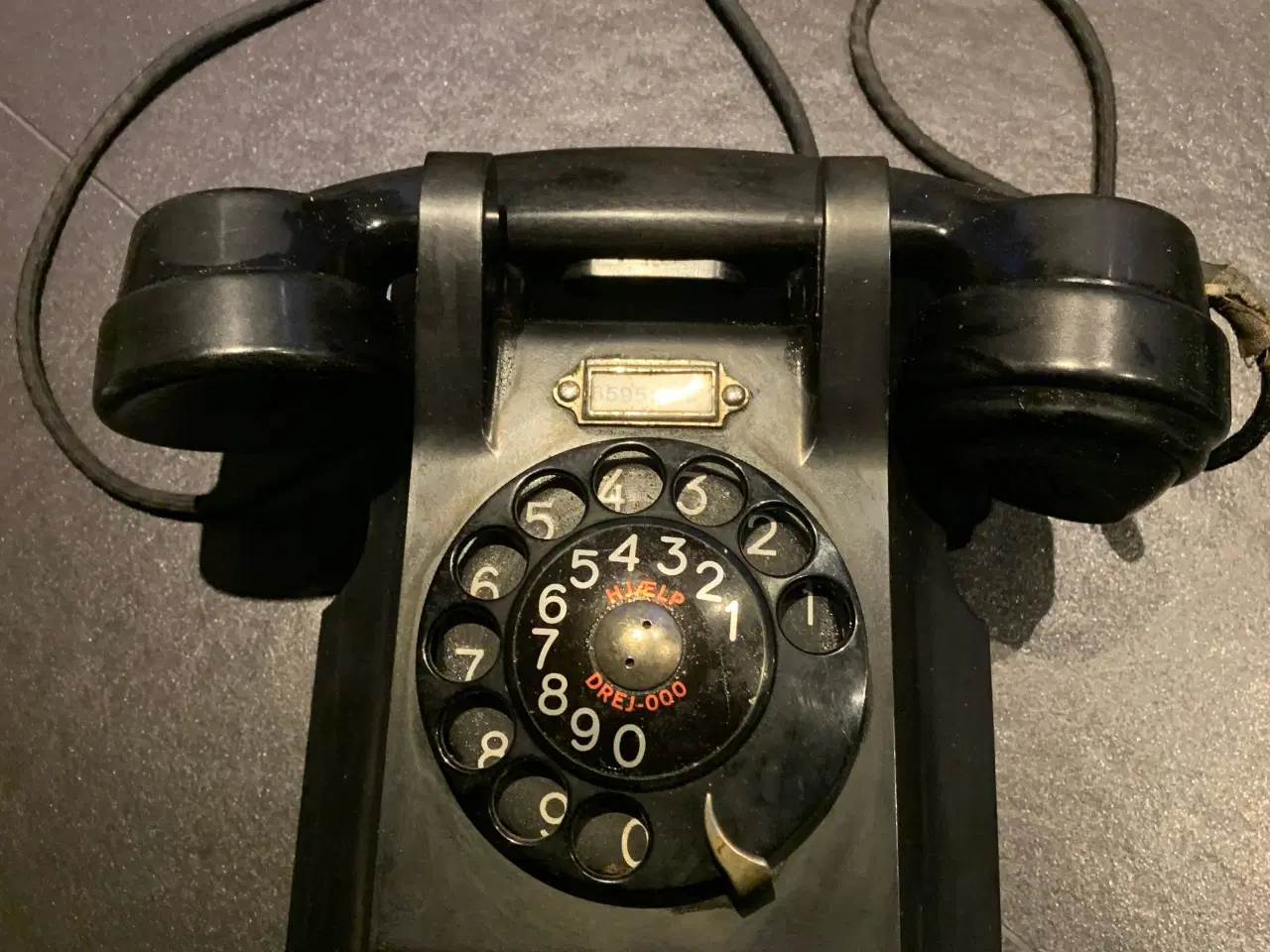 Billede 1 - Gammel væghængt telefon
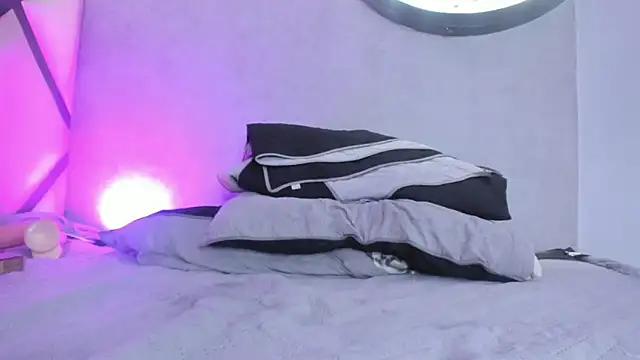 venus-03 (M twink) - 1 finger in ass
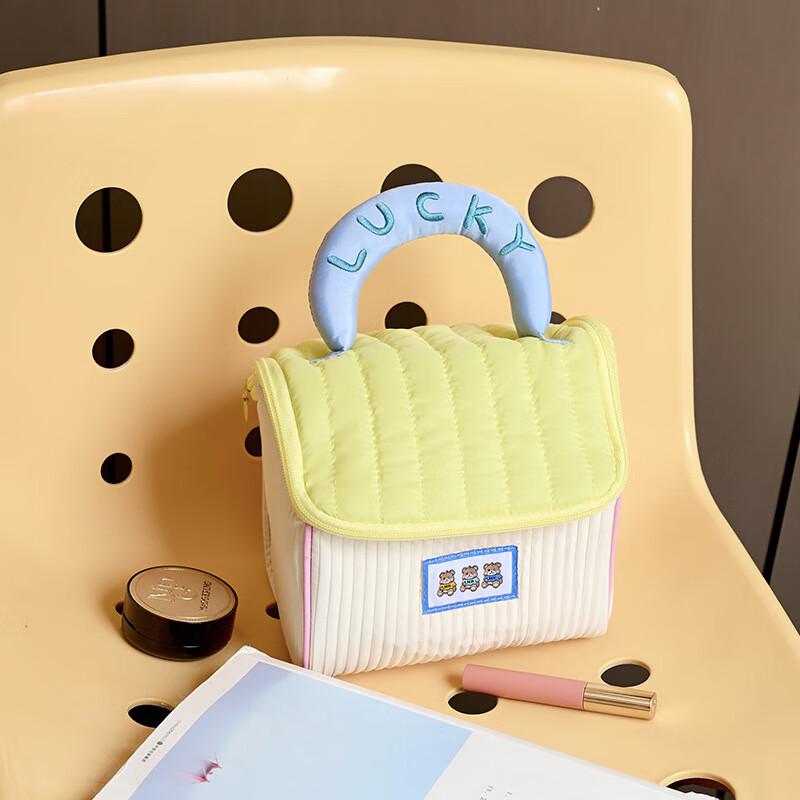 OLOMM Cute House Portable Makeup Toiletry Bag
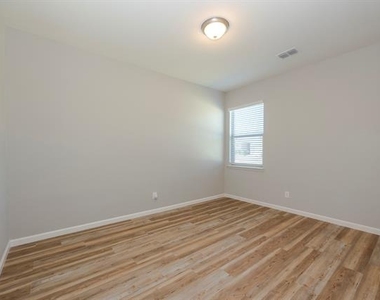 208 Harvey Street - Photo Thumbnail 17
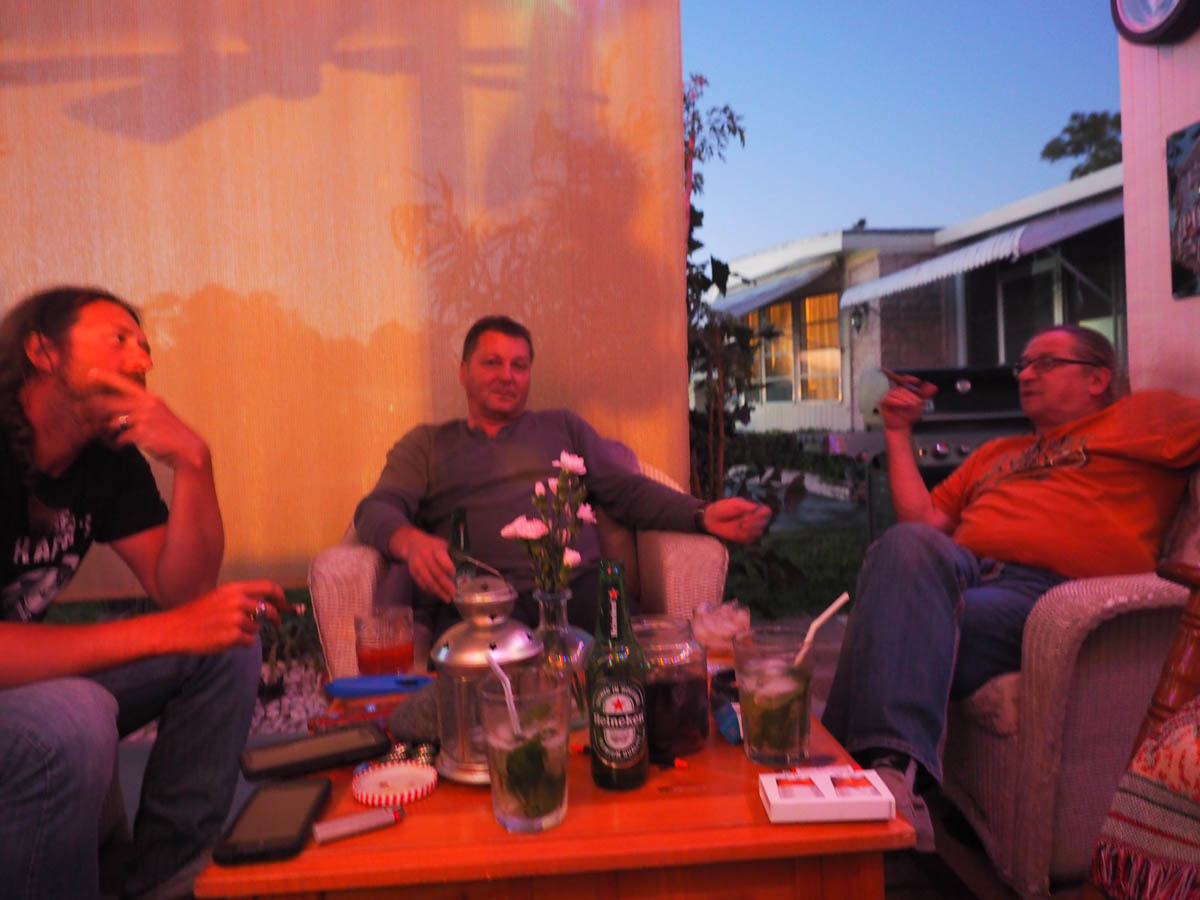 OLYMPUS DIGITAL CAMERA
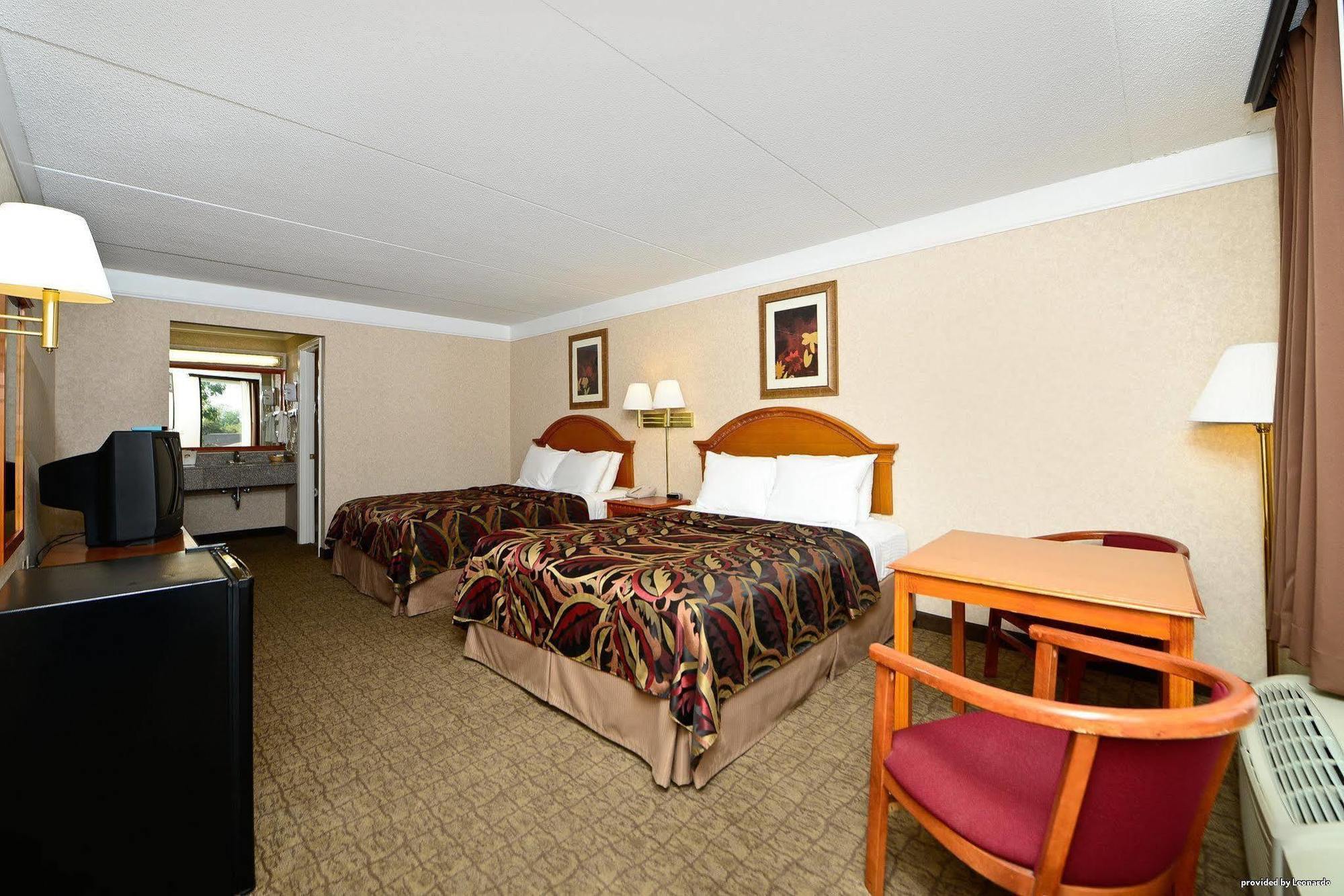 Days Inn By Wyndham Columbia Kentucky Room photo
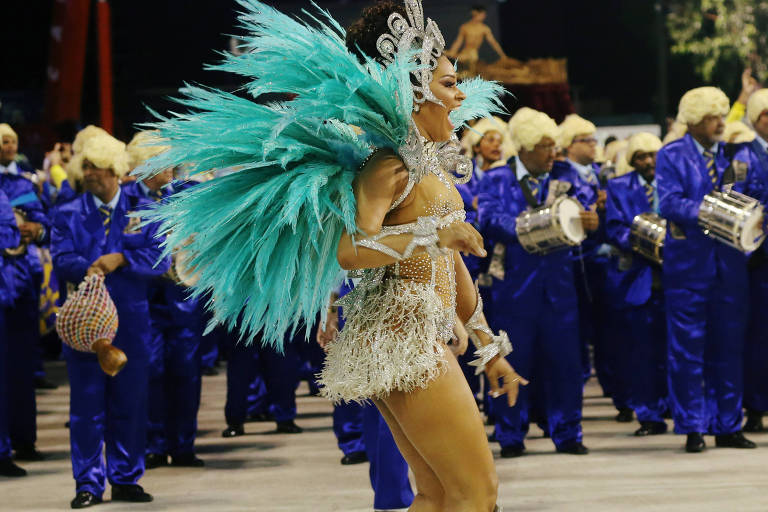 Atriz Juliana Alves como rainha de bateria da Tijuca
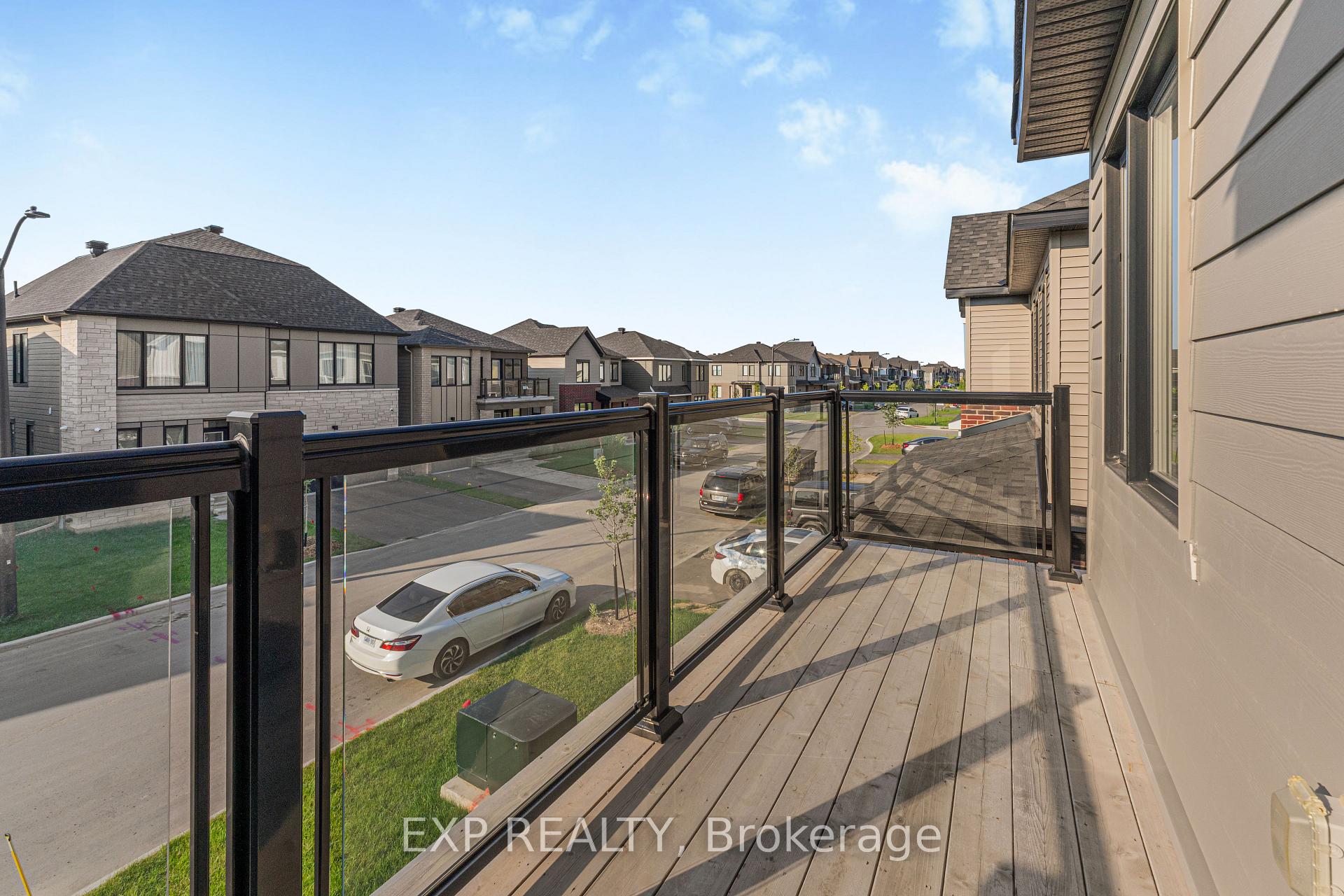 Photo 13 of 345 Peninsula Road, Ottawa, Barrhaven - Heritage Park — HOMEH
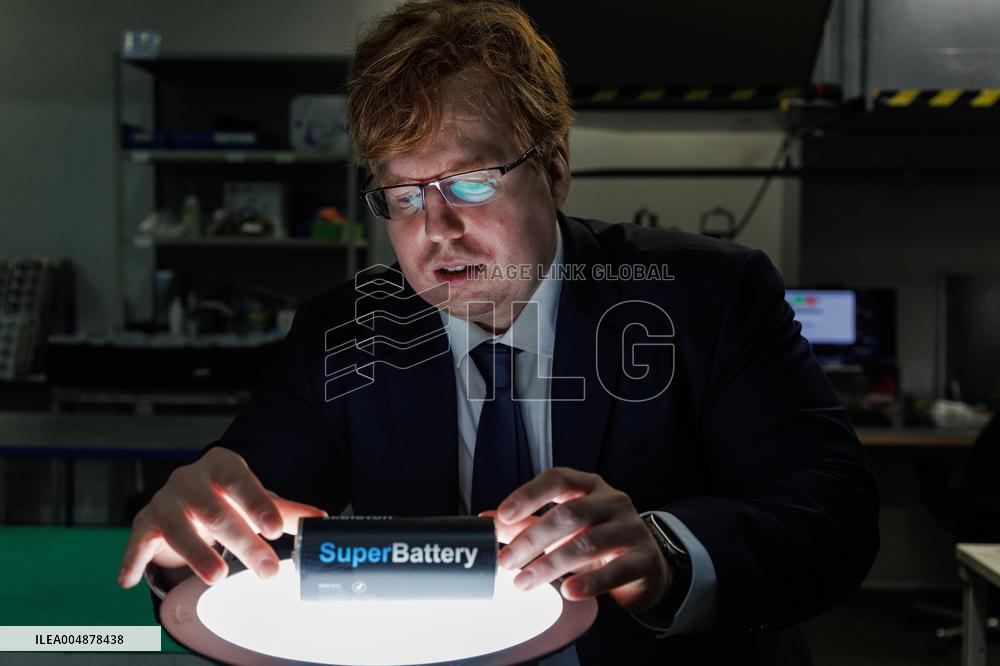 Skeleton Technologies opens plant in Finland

TASK DETAILS: Each line from the first line of the entries through the line containing "Days Inn By" should be duplicated word for word, and nothing more; the pictures stay out.

RESULT:
 Billede 1 - Gammel væghængt telefon
 venus-03 (M twink) - 1 finger in ass
 OLOMM Cute House Portable Makeup Toiletry Bag
 208 Harvey Street - Photo Thumbnail 17
 OLYMPUS DIGITAL CAMERA
 Days Inn By Wyndham Columbia Kentucky Room photo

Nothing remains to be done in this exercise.